◆ **PROBLEM DESCRIPTION**
Reproduce exactly the lines from the one containing "Ribbed sweater with" through the last line of the records below, both included. Leave out any pictures.

┌─ INPUT MATERIAL

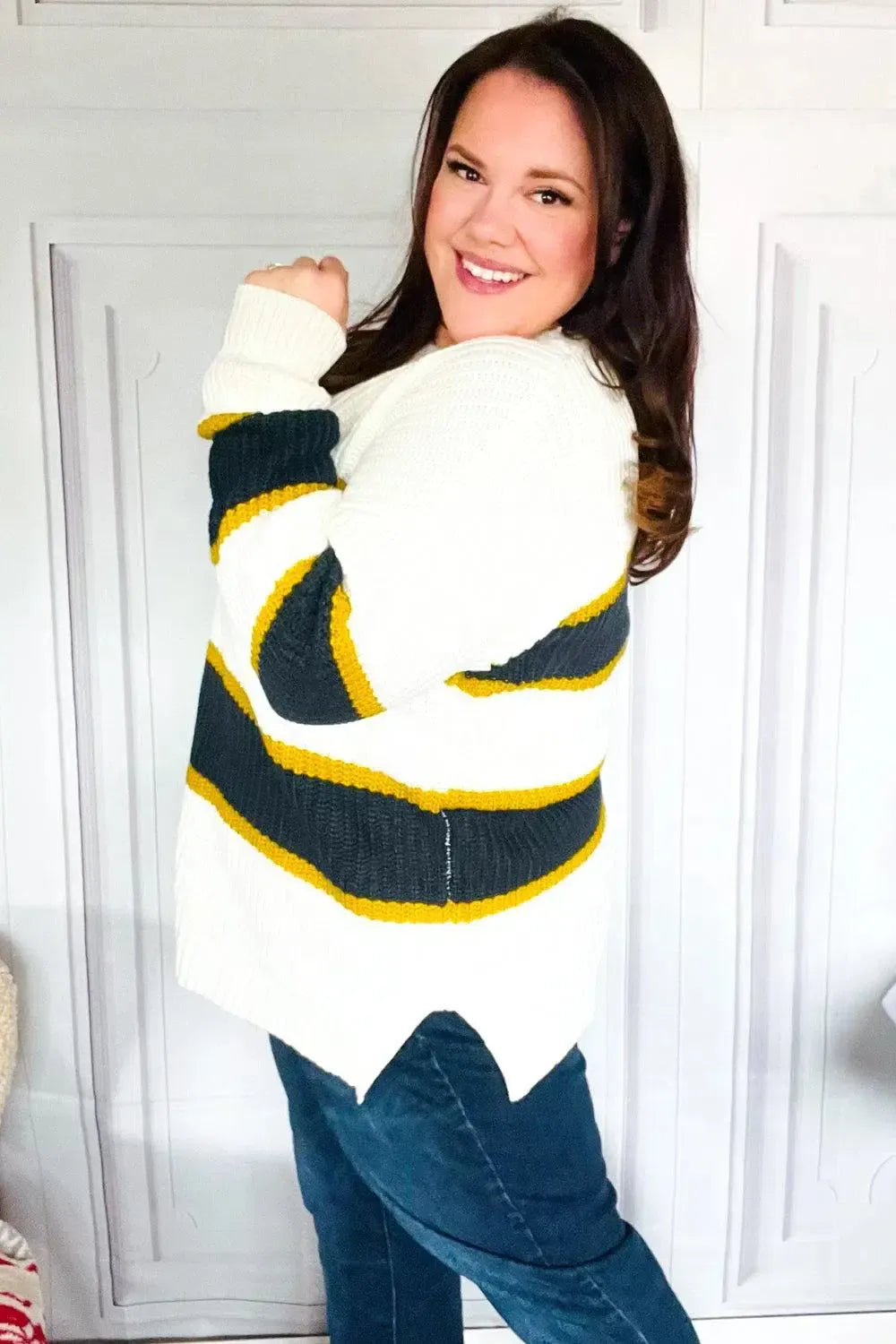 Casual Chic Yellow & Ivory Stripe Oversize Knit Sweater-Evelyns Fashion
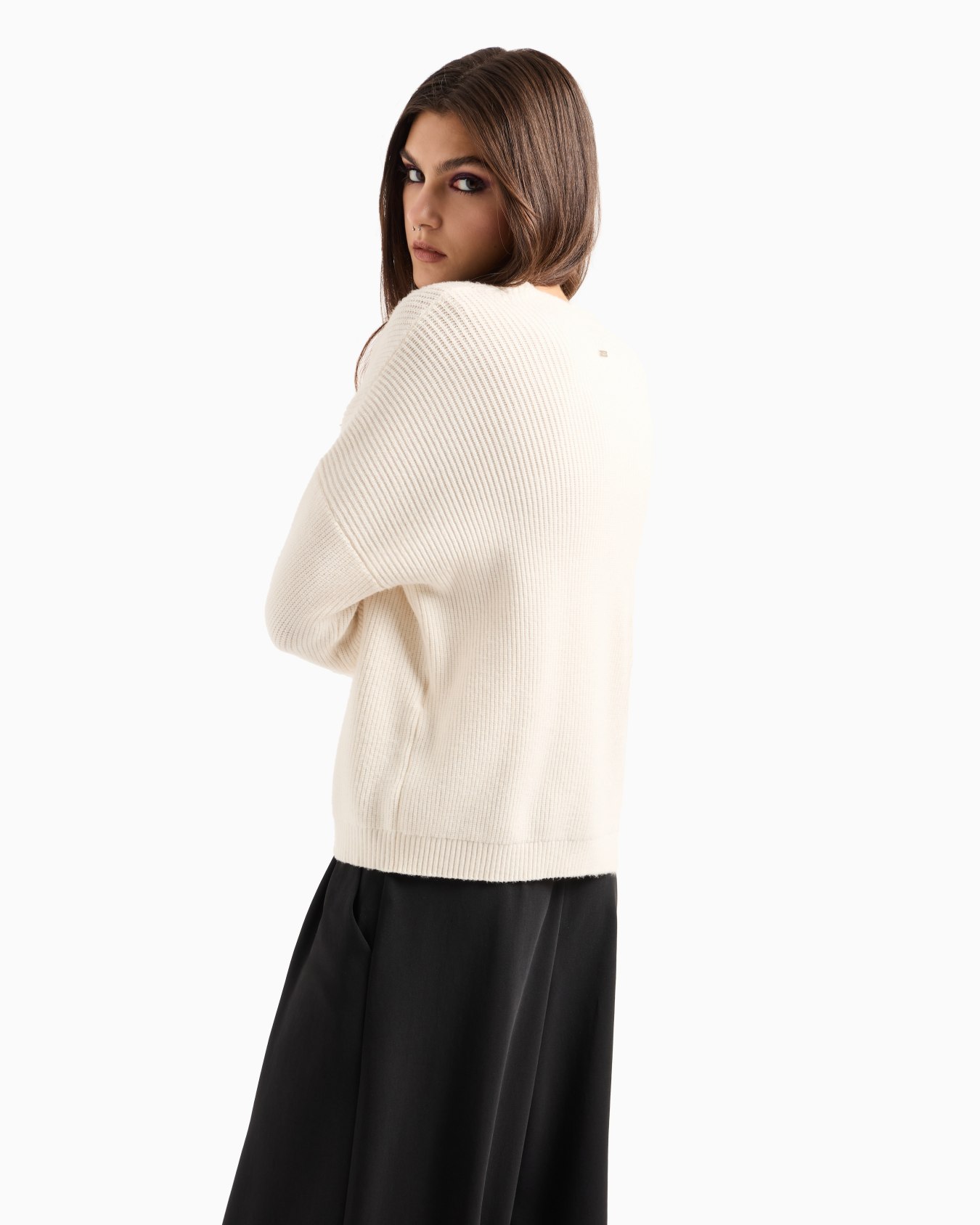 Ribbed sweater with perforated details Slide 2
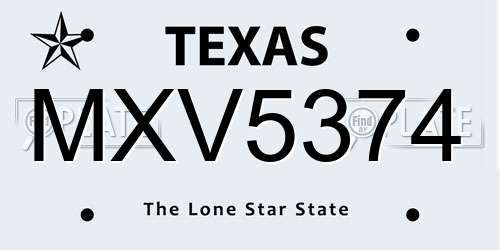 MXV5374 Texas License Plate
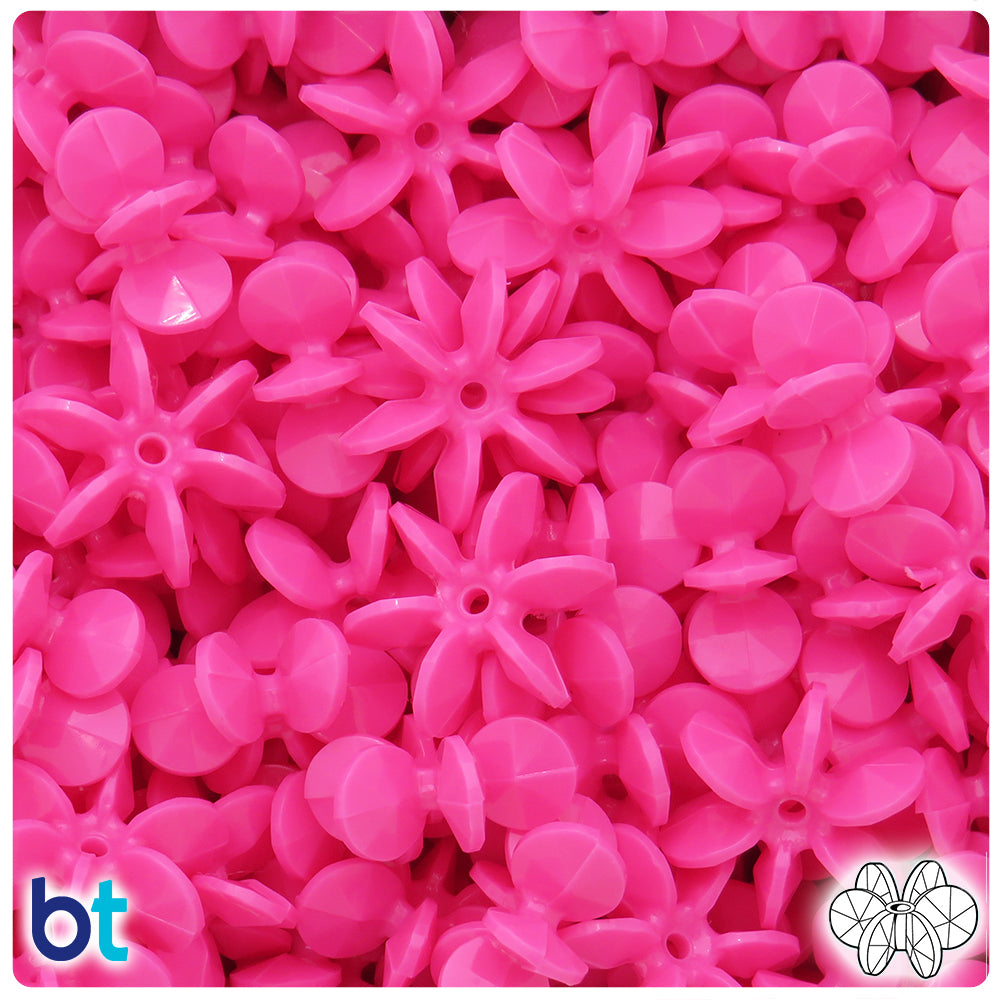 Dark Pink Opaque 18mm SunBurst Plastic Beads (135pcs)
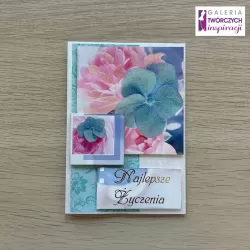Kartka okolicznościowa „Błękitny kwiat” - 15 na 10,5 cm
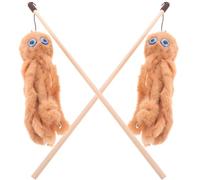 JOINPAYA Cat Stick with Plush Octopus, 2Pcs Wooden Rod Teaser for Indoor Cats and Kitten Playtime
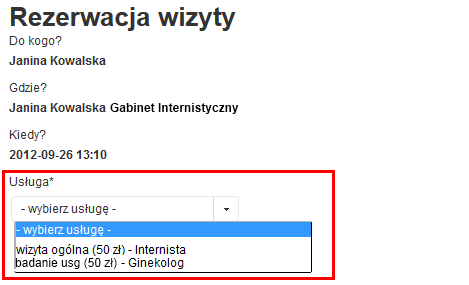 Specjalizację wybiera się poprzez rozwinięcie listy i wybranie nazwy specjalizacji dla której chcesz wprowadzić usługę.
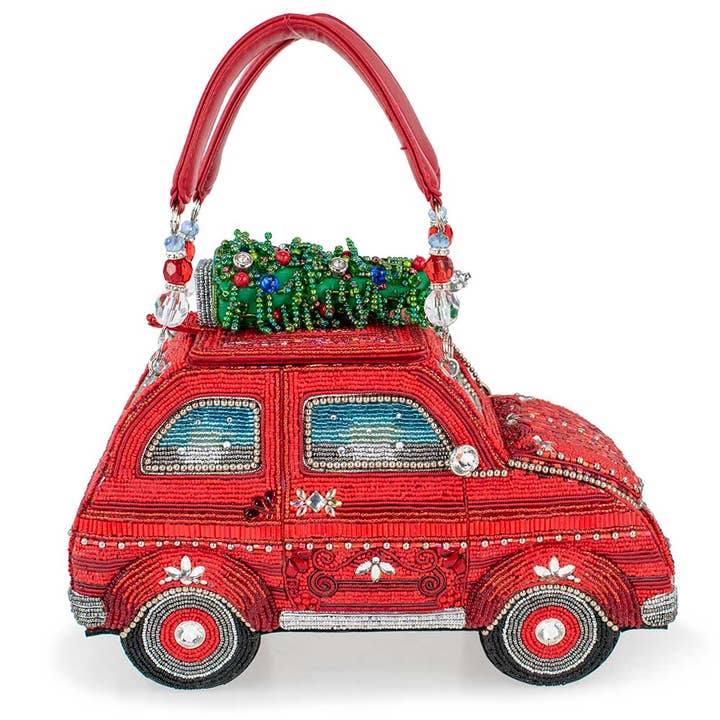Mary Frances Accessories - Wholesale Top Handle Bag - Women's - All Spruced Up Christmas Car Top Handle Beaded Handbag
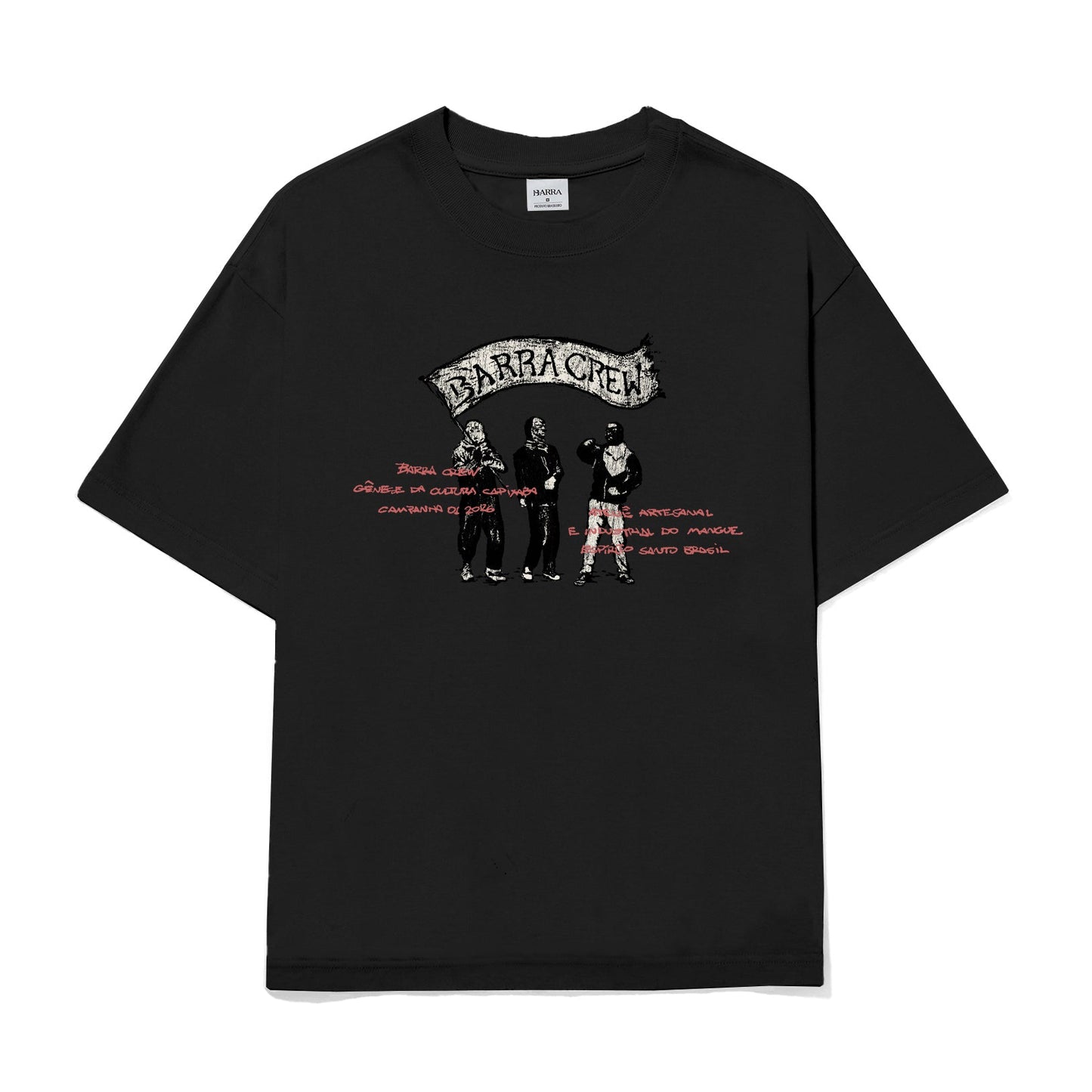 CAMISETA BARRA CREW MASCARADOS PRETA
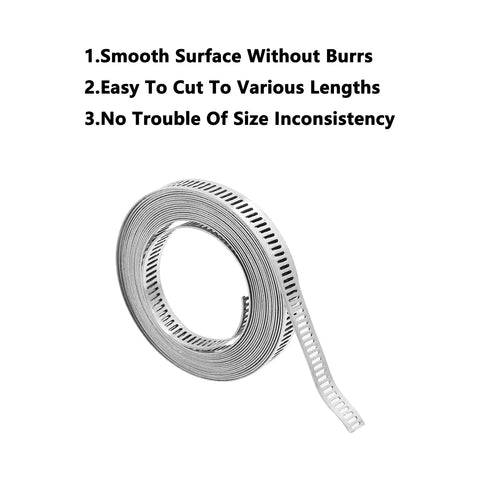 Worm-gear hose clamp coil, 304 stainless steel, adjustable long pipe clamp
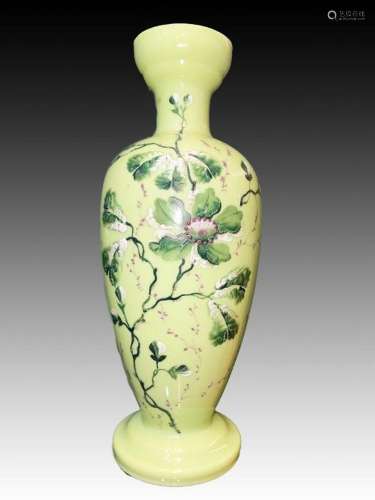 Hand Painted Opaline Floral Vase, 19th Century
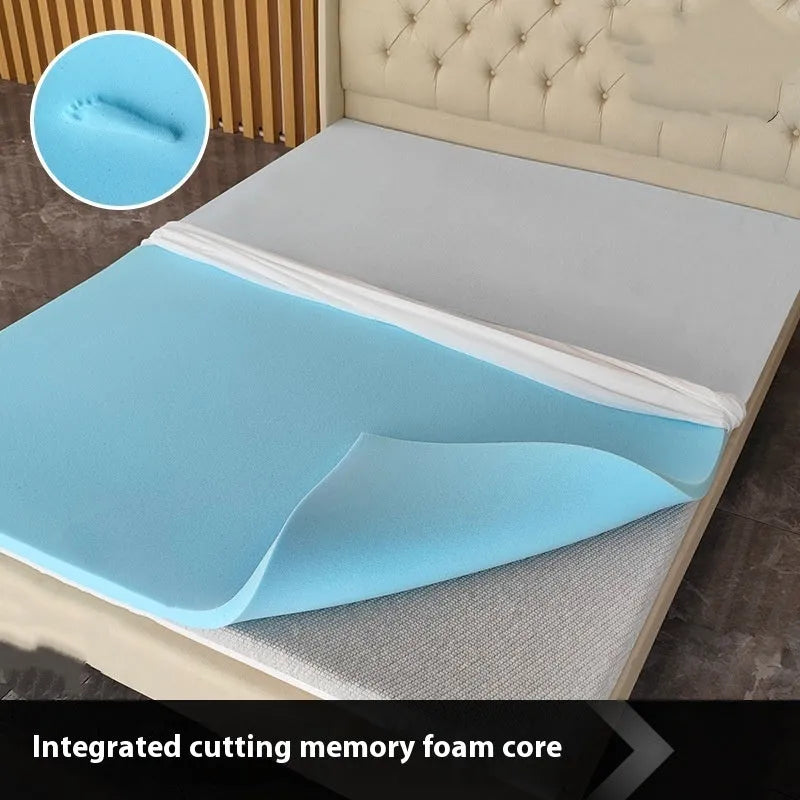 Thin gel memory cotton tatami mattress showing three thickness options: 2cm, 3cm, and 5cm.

└─

◆ **EXERCISE SOLUTION**
 Ribbed sweater with perforated details Slide 2
 MXV5374 Texas License Plate
 Dark Pink Opaque 18mm SunBurst Plastic Beads (135pcs)
Kartka okolicznościowa „Błękitny kwiat” - 15 na 10,5 cm
 JOINPAYA Cat Stick with Plush Octopus, 2Pcs Wooden Rod Teaser for Indoor Cats and Kitten Playtime
 Specjalizację wybiera się poprzez rozwinięcie listy i wybranie nazwy specjalizacji dla której chcesz wprowadzić usługę.
Mary Frances Accessories - Wholesale Top Handle Bag - Women's - All Spruced Up Christmas Car Top Handle Beaded Handbag
 CAMISETA BARRA CREW MASCARADOS PRETA
 Worm-gear hose clamp coil, 304 stainless steel, adjustable long pipe clamp
 Hand Painted Opaline Floral Vase, 19th Century
 Thin gel memory cotton tatami mattress showing three thickness options: 2cm, 3cm, and 5cm.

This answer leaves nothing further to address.